Off the court, however, the Cleveland Cavaliers' All-Star forward is still finding a way to make a difference.
With November underway and men's health awareness coming into focus, Kevin Love has launched his new web series, "Locker Room Talk," in conjunction with Schick Hydro. In the first episode, Love can be seen discussing mental health with 23-time Olympic gold medal-winning swimmer Michael Phelps, who revealed earlier this year that he considered committing suicide following the 2012 Summer Olympics.
"I think back to when I was growing up in the sport and I lived in a bubble. I was basically groomed to be this athlete or this person. After a while it got to a point where I didn't like being that. I wanted to be who I am," Phelps said. "It took me being at the all-time low of not wanting to be alive. And after sitting in my room for four or five days, I just realized that there are other answers out there."

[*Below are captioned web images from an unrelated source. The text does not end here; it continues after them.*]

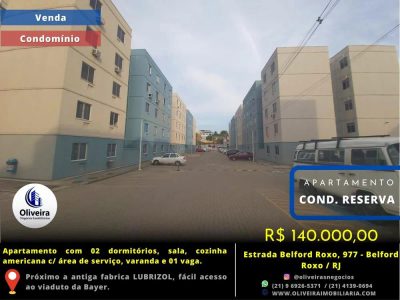 Apartamento, 2 quartos, 47 m² - Foto 2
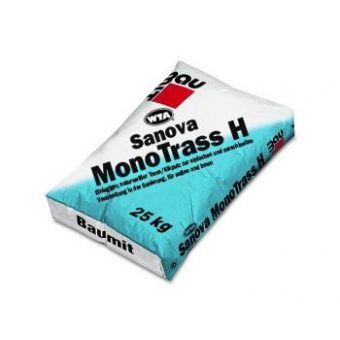 Baumit Sanova MonoTras H 25 kg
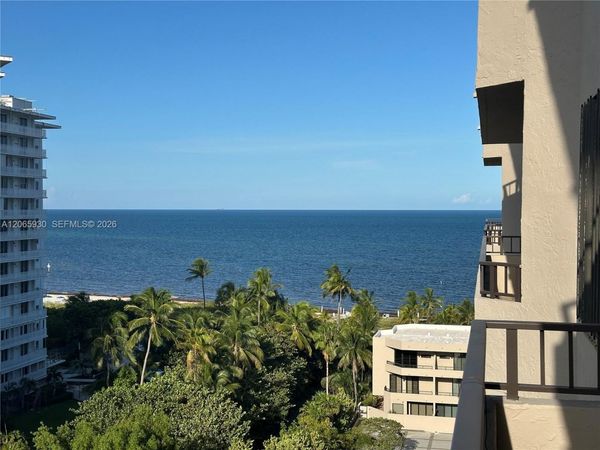 251 Crandon Blvd , Unit 931, Key Biscayne, FL 33149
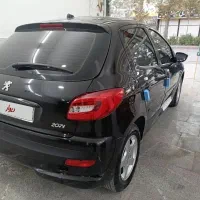 ۲۰۷ مدل۱۴۰۳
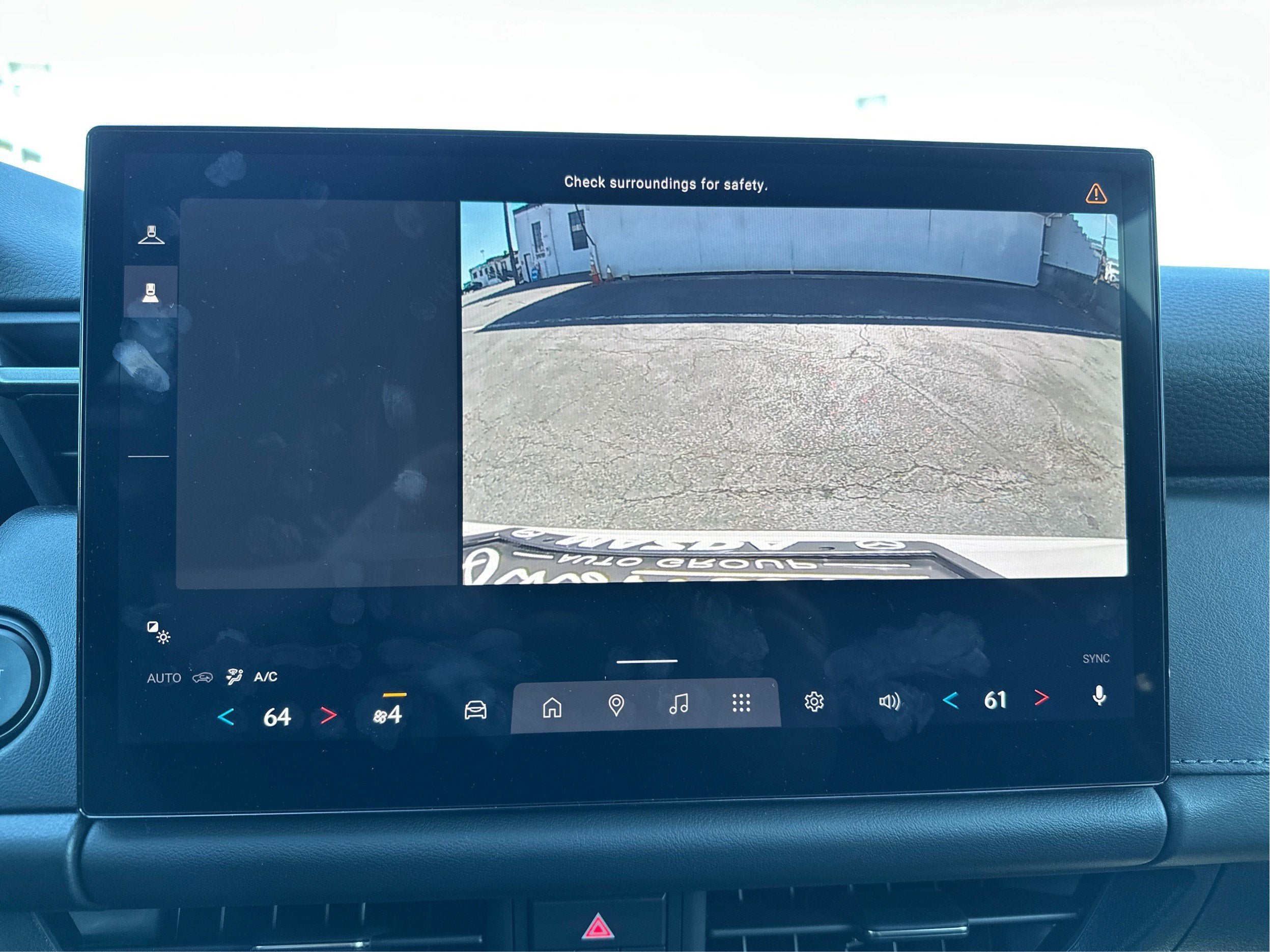 2026 Mazda Mazda CX-5 Select AWD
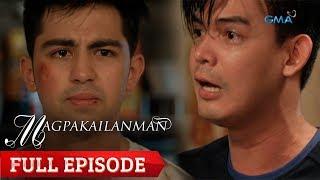 Magpakailanman: My brother, my rival | Full Episode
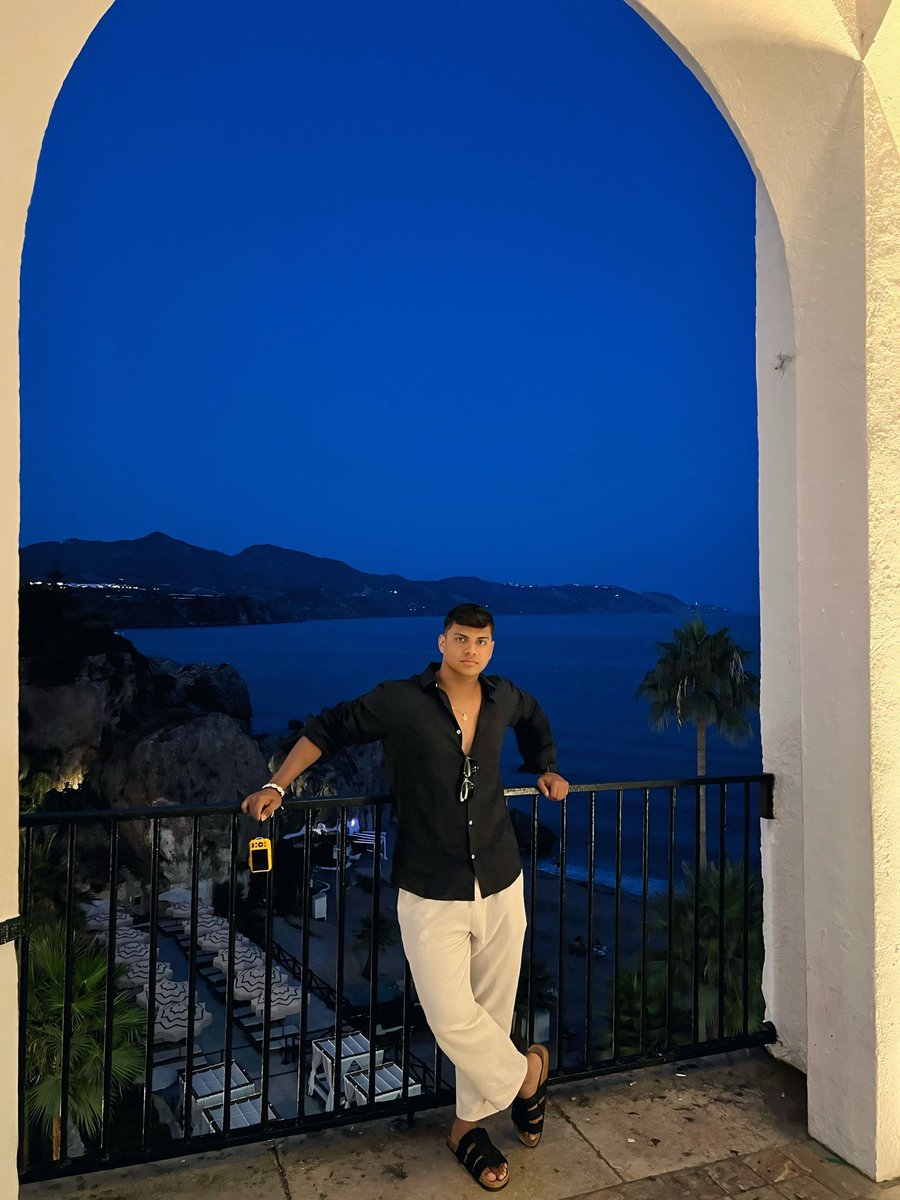 Esteban Parra (@estebnparrab) on Twitter photo 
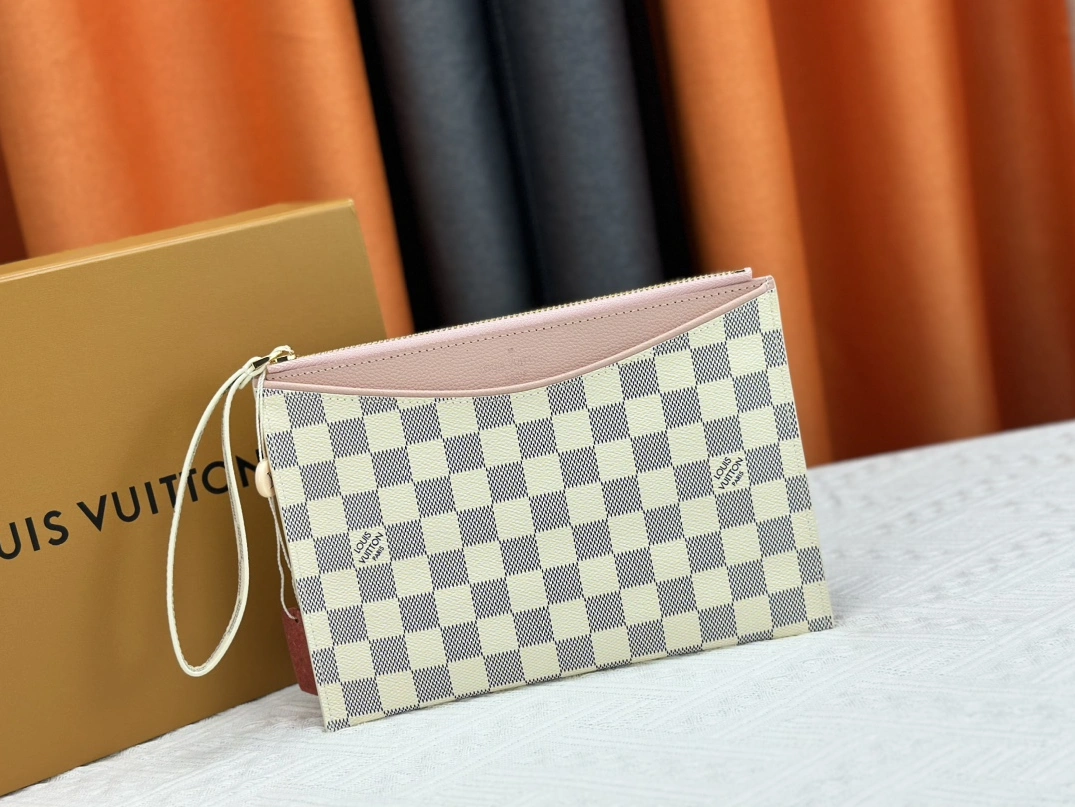 Louis Vuitton LV Wallets Sophisticated 1795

"I basically learned how to communicate at the age of 30," Phelps noted with a laugh.
That age clearly struck a chord with Love, who hasn't been shy to share his own battles with mental health in recent months. In March, the 5-time All-Star revealed in an essay for The Players' Tribune that he's dealt with anxiety and panic attacks, including one that occurred during a game last season.
"I just turned 30 myself and I feel like I'm finally figuring out who I am," Love said. "Like you said, it does take hitting rock bottom. Going through my panic attack and always have this depression going on and not understanding it. I had no idea about mental health. I always thought I would just get out of it, but it would take a lot of time and the anxiety was always there as well. I felt the need to share my story."
Love will continue to share his story in future episodes of "Locker Room Talk," which will feature the likes of his Cavs teammate Channing Frye and former NBA star Paul Pierce. The series is serving as a part of Schick's 'Man I Am' campaign, which was "created to make a positive contribution to the topic of masculinity and seeks to positively discuss healthy masculinity," while raising "awareness and funds for the Movember Foundation and Kevin Love Fund."